EXERCISE REQUIREMENTS
Leave out the pictures and restate exactly, and only, the lines from the one that contains "215 SW 8th St, Boynton" through the final line of the material below.

DATASET EXTRACT

=== Begin Enclosure ===

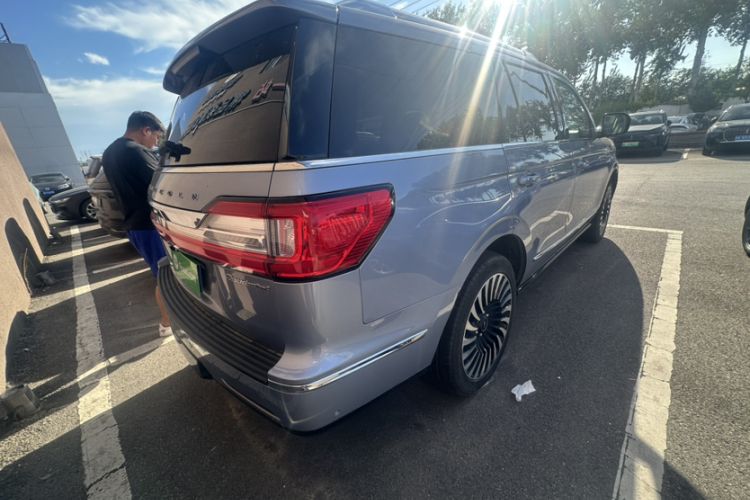 Used Lincoln Navigator 2020 3.5T Presidential Series Exterior 6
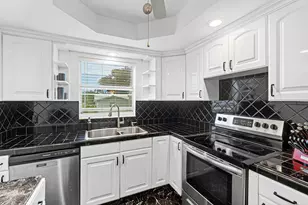 215 SW 8th St, Boynton Beach, FL 33426 - Photo 13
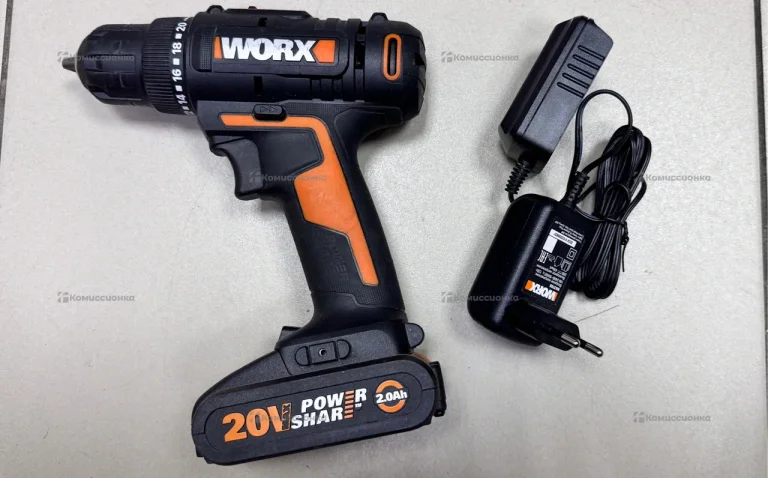 Дрель-шуруповерт Worx WX100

=== End Enclosure ===

RESPONSE TO THE EXERCISE
 215 SW 8th St, Boynton Beach, FL 33426 - Photo 13
 Дрель-шуруповерт Worx WX100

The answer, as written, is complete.